Montmorency

After being introduced to Eleanor Updale over four years ago, I vowed to find out about Montmorency. As you do. But reality kept me in check, and when I was provided with one of Eleanor’s new books, I read that instead. And then last year there was another brand new one, and poor Montmorency slipped further into my black reading hole.

Until… just last week, in fact. Eleanor wrote to tell me she’s not only got back ownership of all four Montmorency books, but she has done what fans have been clamouring for, and written a fifth book, finally rescuing the man from the cliff he has been hanging from for some years.

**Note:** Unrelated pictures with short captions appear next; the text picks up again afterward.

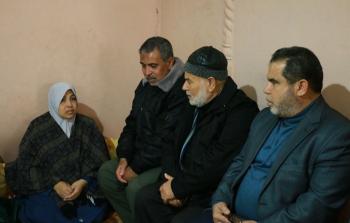 جانب من زيارة الوفد لبيوت عوائل الشهداء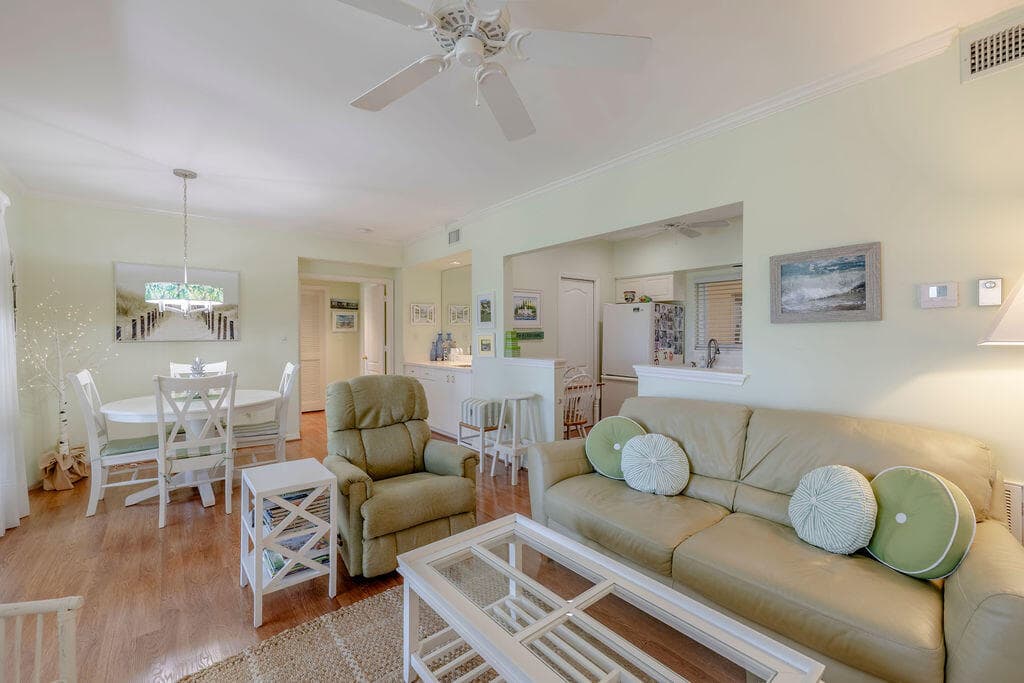 5520 E Harbor Village Drive 101, Vero Beach, FL 32967 — photo 9 of 54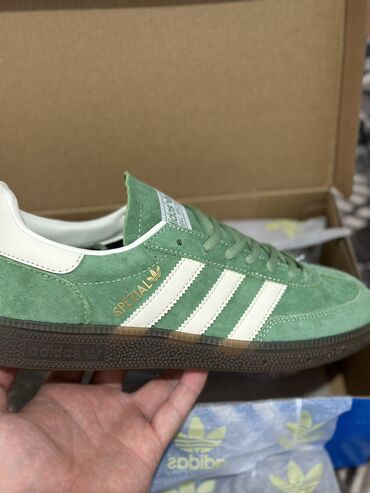 стильные футболки: Мужские кроссовки, 39, Adidas Originals, Новый, Бесплатная доставка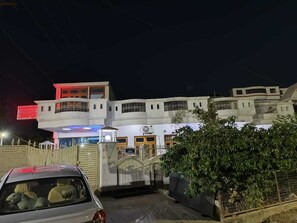Front of property - Arya Holiday Home (Faizabad)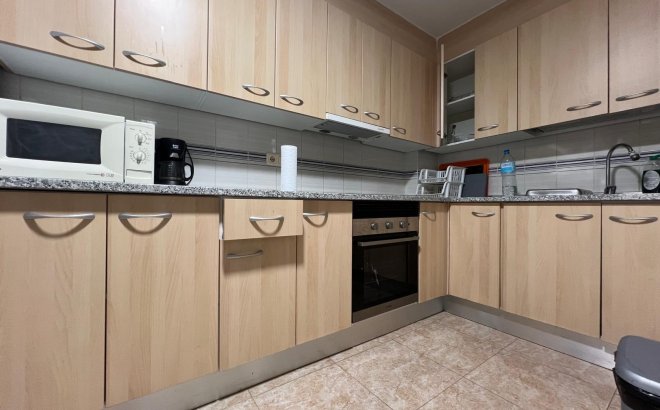 Herverkoop - Appartement -
Torrevieja - Playa del Cura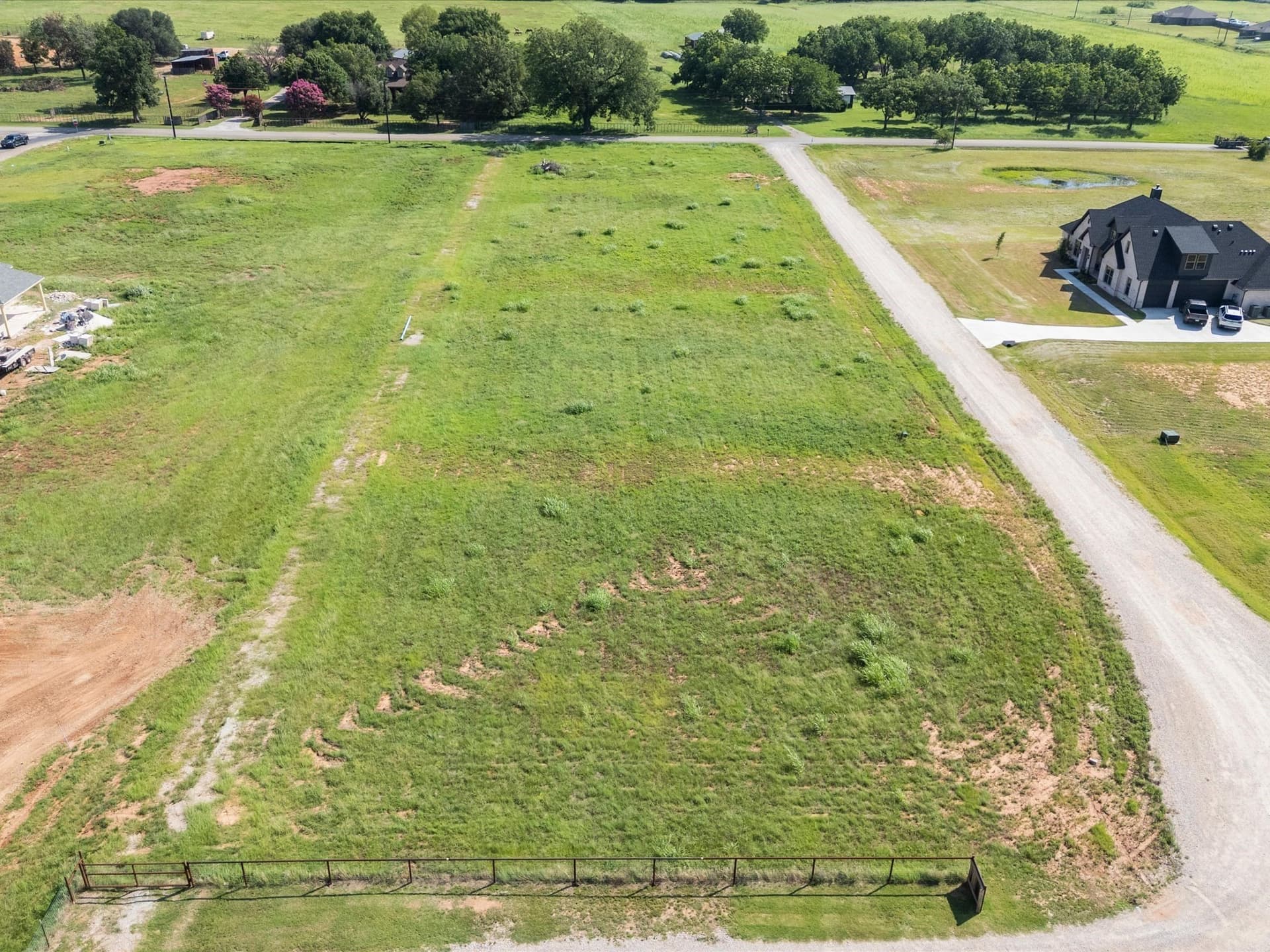 2.02 acres in Parker County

Eleanor Updale, Montmorency - 3 covers

And would I like to read Montmorency Returns? Well, yes. But perhaps I ought to find out who he is by starting at the beginning, and that is what I’ve done. I told myself that reading the first book might be enough background, because to read all four very quickly, seemed a tall order. Only, I believe I will have to locate books two, three and four as well. If only to ascertain what kind of cliff-hanger, and to feel I’m up to speed on everything. Plus the small matter of my enjoyment.

Halfway through Montmorency I wanted to stop. Eleanor had done that thing again, where I am so worried I’m absolutely certain I can’t go on. I knew she’d have to do something bad to Montmorency, and I didn’t want to see it being done.

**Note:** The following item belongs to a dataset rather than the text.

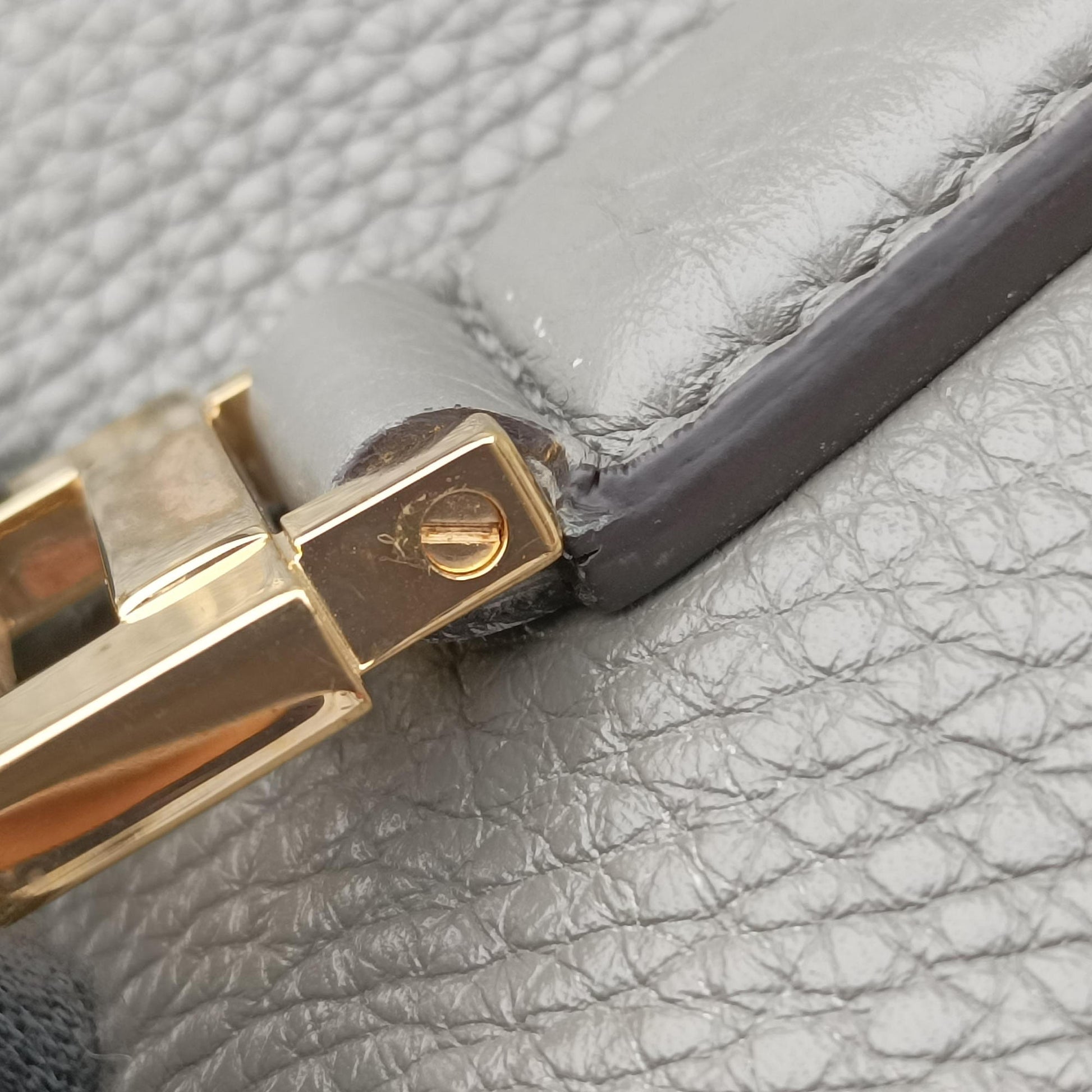 Pre-owned Fendi FF Logo Gloria Grey Leather 8BH367 shoulderbag | stylenewstar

It’s curious, really. I shouldn’t cheer a thief on, or care what happens to him. The other thing is, the book has no child characters at all. Montmorency is an adult, and so are all the people he consorts with, in and out of jail. That doesn’t mean it’s not a ‘young’ book. It is, in much the same way as my childhood classics often were about adults, but written in a way that would attract younger readers.

Montmorency is a kind of Arsène Lupin; a gentleman thief, in Victorian London. Because he has to live off something. It’s fascinating to see how prisoner 493 spends time in jail, and how he plans what to do if and when he is free again, and then how he starts off once he does get out.

It involves sewers, and these ones are smellier and generally yuckier than the ones in Terry Pratchett’s Dodger. But it’s the same principle.

In the end Montmorency copes well with what the author throws at him, and I was able to continue. Did I mention I might have to read them all?

One response to “Montmorency

  1. Stephen Fry’s audio versions are wonderful too. Much more than just someone reading a book.